Görünürde icbar edici güç yok. Ancak ne oluyor da "Dünya vatandaşı" adlandırmasıyla öne konan model olağanüstü kabul görüyor?
Ülkemizde AB projelerine bir göz attığımızda, hemen ekseriyetin kadının dönüştürülmesini merkeze aldığını görürüz. "Kadına şiddete hayır" sloganını hükümet programı düzeyinde yürürlükte. Dışarıdan gelen biri, bu ülkede herkesin akşam işten dönünce, eve gelir gelmez yaptığı ilk işin, hanımını dövmek olduğunu düşünür. Töre cinayetleri salvosu da işin tuzu-biberi. Bir de buna "Kız çocukları okula" kampanyasını eklediniz mi, bütün eksikliklerden kurtulup AB'nin gözüne, küresel algının izanına başarılı bir sunum gerçekleştirmiş oluyorsunuz. Kendinizi bahtiyar hissediyorsunuz.
Ak Parti hükümetinin bu yoldaki azami gayreti , çelişkinin ötesinde, gülünç olmaya başladı. Aileden Sorumlu Bakan Fatma Şahin, en son şehitliği de resmileştirme yoluna giderek, dini, seçici algıya malzeme haline getirdi. Resmi irade, işini kolaylaştırmak adına, kimi konulara dini kavramları alarak, pek çoğun da da dışlayarak, hareket etmeyi sorun görmüyor.

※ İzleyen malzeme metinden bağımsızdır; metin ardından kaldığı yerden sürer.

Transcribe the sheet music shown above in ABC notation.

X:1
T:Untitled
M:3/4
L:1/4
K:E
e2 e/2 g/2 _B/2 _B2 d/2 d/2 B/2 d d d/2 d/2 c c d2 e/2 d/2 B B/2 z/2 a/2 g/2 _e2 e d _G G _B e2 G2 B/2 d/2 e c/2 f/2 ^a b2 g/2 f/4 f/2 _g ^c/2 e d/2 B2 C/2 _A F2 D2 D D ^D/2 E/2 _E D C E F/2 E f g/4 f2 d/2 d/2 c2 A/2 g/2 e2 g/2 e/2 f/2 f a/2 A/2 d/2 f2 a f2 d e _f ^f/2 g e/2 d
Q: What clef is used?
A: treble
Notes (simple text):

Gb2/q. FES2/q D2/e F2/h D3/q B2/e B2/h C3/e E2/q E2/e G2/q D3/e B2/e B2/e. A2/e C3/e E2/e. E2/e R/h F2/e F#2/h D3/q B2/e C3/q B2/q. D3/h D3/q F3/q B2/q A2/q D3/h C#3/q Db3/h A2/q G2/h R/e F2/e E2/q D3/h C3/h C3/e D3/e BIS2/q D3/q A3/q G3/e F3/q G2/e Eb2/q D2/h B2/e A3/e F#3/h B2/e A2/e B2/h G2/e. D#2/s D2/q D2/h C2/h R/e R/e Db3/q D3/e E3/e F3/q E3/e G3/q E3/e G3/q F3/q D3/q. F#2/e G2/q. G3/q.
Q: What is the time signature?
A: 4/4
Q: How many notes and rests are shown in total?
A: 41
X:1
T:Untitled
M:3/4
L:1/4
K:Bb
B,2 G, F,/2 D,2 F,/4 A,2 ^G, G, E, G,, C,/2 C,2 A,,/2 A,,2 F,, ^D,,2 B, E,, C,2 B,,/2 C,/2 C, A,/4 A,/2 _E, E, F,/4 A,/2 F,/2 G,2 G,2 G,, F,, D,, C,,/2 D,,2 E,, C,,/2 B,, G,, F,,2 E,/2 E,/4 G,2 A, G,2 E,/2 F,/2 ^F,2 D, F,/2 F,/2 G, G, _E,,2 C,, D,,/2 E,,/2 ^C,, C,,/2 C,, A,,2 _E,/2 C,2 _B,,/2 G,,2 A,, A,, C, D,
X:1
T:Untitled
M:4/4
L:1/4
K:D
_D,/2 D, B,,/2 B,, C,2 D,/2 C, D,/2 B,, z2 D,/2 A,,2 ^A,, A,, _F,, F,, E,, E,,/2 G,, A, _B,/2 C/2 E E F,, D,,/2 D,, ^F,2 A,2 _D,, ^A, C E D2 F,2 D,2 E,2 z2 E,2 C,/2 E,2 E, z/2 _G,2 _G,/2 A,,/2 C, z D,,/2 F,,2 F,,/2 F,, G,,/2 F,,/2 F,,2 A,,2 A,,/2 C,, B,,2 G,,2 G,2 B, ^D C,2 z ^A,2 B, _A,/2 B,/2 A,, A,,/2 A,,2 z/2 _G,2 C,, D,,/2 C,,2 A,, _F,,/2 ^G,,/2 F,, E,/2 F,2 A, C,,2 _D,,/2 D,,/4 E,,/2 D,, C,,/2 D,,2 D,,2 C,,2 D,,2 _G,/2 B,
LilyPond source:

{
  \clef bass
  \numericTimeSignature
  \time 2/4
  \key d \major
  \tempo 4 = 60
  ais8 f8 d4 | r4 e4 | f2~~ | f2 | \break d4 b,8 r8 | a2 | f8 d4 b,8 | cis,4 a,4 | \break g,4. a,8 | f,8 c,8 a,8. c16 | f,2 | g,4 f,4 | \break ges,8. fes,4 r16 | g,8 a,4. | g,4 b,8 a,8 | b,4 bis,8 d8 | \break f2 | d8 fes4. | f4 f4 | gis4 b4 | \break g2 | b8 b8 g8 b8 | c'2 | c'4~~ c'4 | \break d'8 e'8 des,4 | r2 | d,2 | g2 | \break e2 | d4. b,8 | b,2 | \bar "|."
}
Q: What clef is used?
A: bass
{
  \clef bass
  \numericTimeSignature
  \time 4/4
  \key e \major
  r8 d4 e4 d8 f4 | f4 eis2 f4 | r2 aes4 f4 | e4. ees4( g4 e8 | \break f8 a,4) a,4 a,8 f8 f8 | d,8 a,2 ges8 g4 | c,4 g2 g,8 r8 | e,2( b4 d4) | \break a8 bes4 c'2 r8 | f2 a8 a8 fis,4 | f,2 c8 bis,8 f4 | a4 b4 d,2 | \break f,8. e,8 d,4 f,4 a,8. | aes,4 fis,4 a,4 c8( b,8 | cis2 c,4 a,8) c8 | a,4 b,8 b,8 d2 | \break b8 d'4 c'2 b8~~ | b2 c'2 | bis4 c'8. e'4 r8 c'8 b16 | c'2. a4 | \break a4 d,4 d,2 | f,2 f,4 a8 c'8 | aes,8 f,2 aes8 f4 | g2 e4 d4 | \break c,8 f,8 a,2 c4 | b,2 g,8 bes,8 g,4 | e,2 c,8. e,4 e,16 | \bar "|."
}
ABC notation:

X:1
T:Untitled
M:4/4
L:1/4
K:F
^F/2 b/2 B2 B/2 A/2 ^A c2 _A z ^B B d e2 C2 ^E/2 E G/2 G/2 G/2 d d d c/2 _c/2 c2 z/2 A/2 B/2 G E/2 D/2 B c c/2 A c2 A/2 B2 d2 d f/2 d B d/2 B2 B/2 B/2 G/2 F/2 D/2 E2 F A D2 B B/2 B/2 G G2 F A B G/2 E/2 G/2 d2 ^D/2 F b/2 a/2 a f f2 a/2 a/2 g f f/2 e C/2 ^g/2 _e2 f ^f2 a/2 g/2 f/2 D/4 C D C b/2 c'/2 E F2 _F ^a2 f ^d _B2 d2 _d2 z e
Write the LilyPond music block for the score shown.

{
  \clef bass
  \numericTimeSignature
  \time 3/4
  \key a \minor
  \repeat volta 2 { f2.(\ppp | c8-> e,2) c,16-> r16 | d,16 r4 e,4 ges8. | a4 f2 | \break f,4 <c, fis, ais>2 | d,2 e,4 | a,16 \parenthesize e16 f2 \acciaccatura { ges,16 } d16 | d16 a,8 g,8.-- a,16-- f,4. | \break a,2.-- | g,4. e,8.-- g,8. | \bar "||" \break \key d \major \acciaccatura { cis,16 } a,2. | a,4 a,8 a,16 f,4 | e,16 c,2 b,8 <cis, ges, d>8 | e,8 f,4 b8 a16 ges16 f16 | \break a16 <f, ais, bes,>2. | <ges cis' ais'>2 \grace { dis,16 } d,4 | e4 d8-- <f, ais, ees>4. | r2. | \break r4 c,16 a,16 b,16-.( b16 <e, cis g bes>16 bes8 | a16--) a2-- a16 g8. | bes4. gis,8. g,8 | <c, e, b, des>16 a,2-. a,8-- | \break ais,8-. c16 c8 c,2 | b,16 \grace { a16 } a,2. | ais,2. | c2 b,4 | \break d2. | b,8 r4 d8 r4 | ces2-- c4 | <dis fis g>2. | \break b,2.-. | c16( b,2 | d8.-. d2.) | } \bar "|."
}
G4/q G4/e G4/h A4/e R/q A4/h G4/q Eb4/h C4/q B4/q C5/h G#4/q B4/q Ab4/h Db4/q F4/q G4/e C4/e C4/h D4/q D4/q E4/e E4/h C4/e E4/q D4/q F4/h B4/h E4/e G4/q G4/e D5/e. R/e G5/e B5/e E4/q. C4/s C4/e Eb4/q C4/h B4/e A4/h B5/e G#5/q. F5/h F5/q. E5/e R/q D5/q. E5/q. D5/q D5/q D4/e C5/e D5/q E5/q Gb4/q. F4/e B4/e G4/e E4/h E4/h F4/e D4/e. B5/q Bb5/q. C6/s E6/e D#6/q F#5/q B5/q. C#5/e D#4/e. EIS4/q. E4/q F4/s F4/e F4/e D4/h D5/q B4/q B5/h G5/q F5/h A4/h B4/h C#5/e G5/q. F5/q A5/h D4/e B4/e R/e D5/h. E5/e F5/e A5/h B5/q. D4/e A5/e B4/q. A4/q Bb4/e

Sorunun diğer önemli tarafı; "Yanlış yapıyorsun" diyebilecek güçlü bir irade, böyle bir topluluk yok. Ak Parti'nin karşıtının CHP olması, herkesi dilsiz, tepkisiz hale getirdi.
Bu durum içapçıcı değil.
Yeni Dünya Düzenine eklemlenmeyi yüzde elli oranında oy alan muhafazakar bir partinin sağlaması ilginç. Ancak sorun bu denli basit değil. Sorun; aidiyet bağını koruduğunu sanarak İslam'ın potansiyel gücünü, inancını/yapabilirliğini dönüşüme sunması. Potansiyel gücün, içini kendi eliyle boşaltıp yürürlüktekine ram olması.